No me chocaría jugar ajedrez con alguno de los personajes de sus libros. No me darían dado un brinco, modestia, apártate. Salvo el pianista vienés Badura Skoda quien en su última novela juega ajedrez con el marido de Ana Magdalena Bach quien lo gradúa de cornudo. 

No envidio – mentiras que sí- al escritor y abuelo Gustavo Arango (Medellín 1964) por haberse leído el borrador de la  novela en el archivo del Harry Random Center de la Universidad de Texas, lo que lo llevó a emprender la cruzada en favor de su publicación. No le dieron ni las gracias.

Gabo no me debe plata, le debo todo el oro del mundo por la felicidad brindada con la poesía de su prosa, no dudo que leerlo nos hace inmortales… mientras estamos vivos.

No sé dónde andaba yo cuando durmió ocho días en la casa del campeón de ciclismo Ramón Hoyos, en Medellín, según cuenta Orlando Ramírez Casas en su libro, “Buenos Aires, portón de Medellín”.

Gabo firmando autógrafos en Estocolmo. A su lado, el maestro Escalona. También aparecen el coronel  Nolasco Espinal, de bufanda, acusado de ser espía de la CIA, infundio que quedó sin piso, y Nacho Martínez, de sombrero y bigote dalilesco (odg)

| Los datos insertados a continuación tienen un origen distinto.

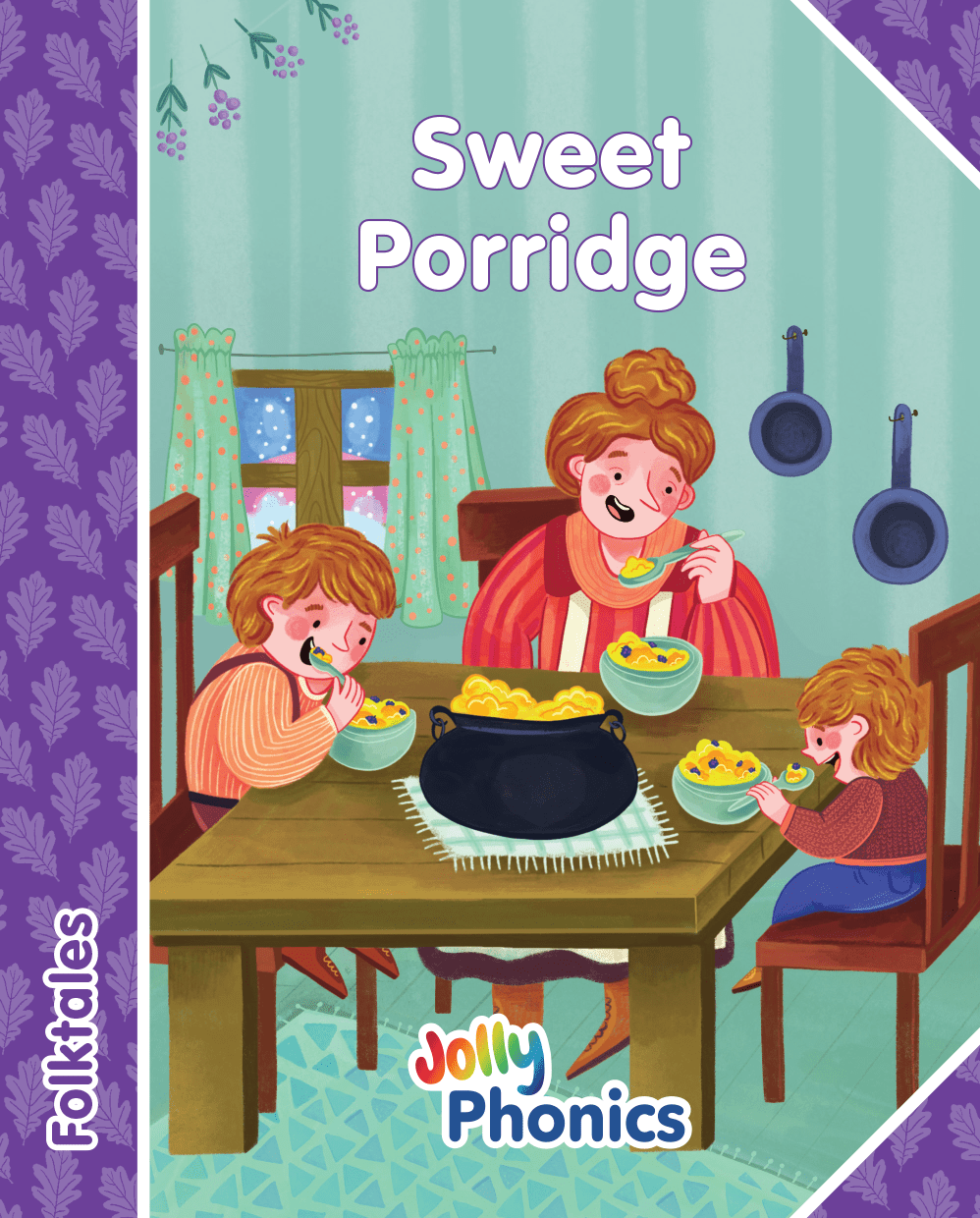 Jolly Phonics Decodable Readers Folktales Readers - Level 5 (Purple Level) - ABC School Supplies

En “represalia” soy gabólatra sectario. Le tomé  fotos firmando libros en Estocolmo en 1982 cuando fui a cubrir la entrega de su premio, no me alojé en su hotel sino en otro de pocas estrellas, el Amaranteen. 

Si no me tomé selfis con él fue porque ese juguetico no se había inventado.(Lo vi por primera vez en carne y leyenda en Washington en la firma de los tratados Torrijos-Carter, 1977. Lo invitó Torrijos. Fue la primera vez que NO lo entrevisté. Y yo, dizque periodista, ¡qué tristeza!).

Dios no tomará represalias contra él por su agnosticismo. Es más, ya lo tiene a su diestra mano. Ni loco que estuviera para perdérselo.  (Sus personajes creían por él: “Dios es mi copartidario”, decía el célebre coronel…). 

No dudo de que volveré a engullirme “Un ramo de no me olvides” del mencionado Gustavo Arango sobre su paso por el diario El Universal, de Cartagena, y la bella y documentada biografía “Viaje a la semilla”, de Dasso Saldívar que tanto le gustó al Nobel “porque se parece a mí”. (Líneas pasadas por latonería y pintura).